● TASK DIRECTIONS: Transcribe the data exactly, omitting whatever pictures it holds.

● DATA:
------------------------------------------------

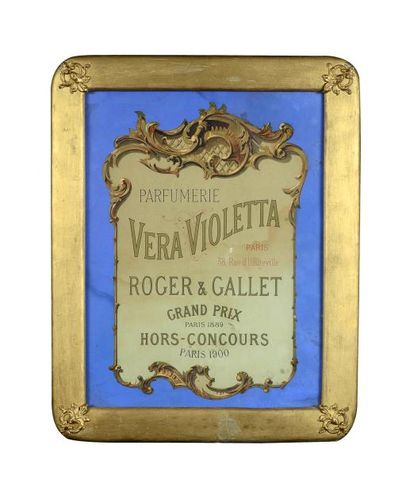 ROGER & GALLET «Vera Violetta» - (1900) Dans le style néoclassique baroque, panneau...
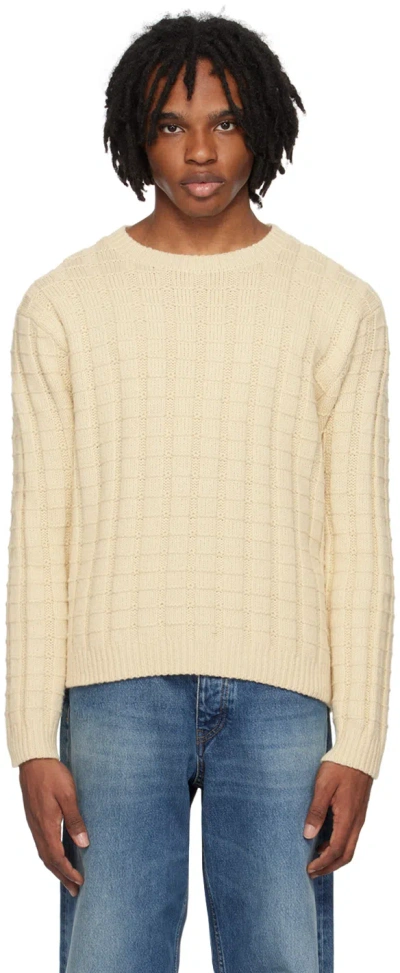 Sunflower Off-white Angle Sweater In Yellow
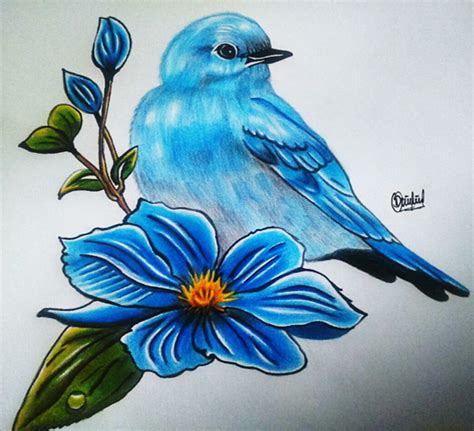 pájaro azul | Painting, Art, Watercolor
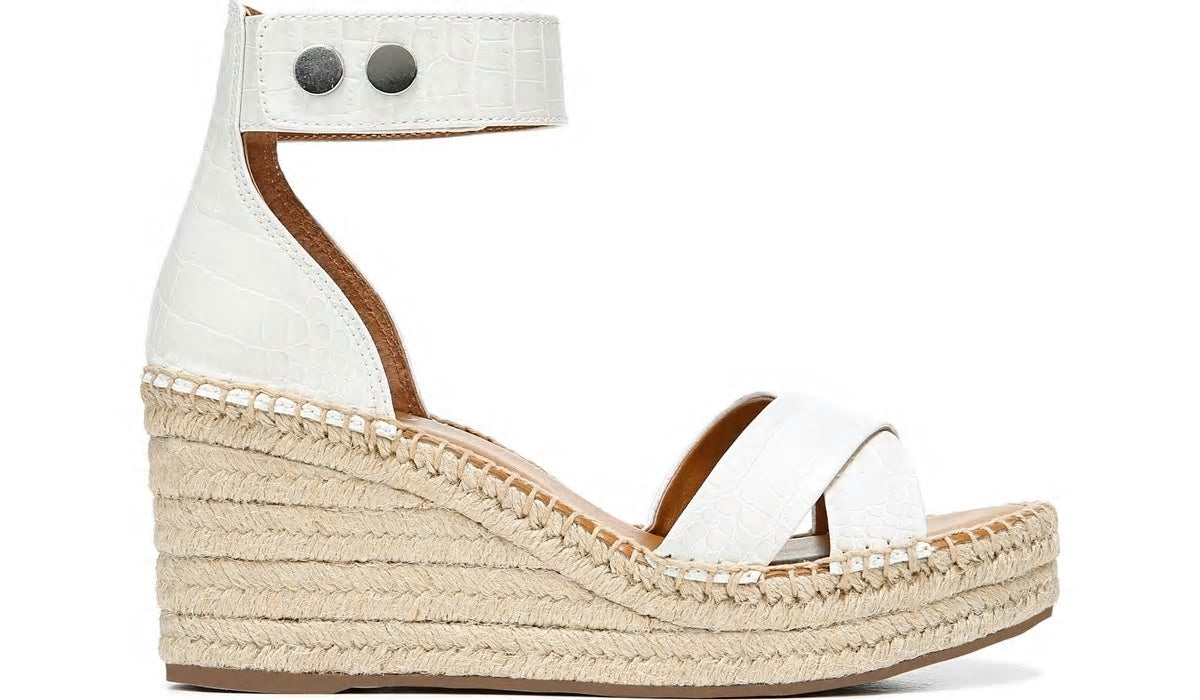 Franco Carlotta Espadrille Wedge Sandal - Putty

------------------------------------------------

● TASK RESPONSE:
 ROGER & GALLET «Vera Violetta» - (1900) Dans le style néoclassique baroque, panneau...
 Sunflower Off-white Angle Sweater In Yellow
 pájaro azul | Painting, Art, Watercolor
 Franco Carlotta Espadrille Wedge Sandal - Putty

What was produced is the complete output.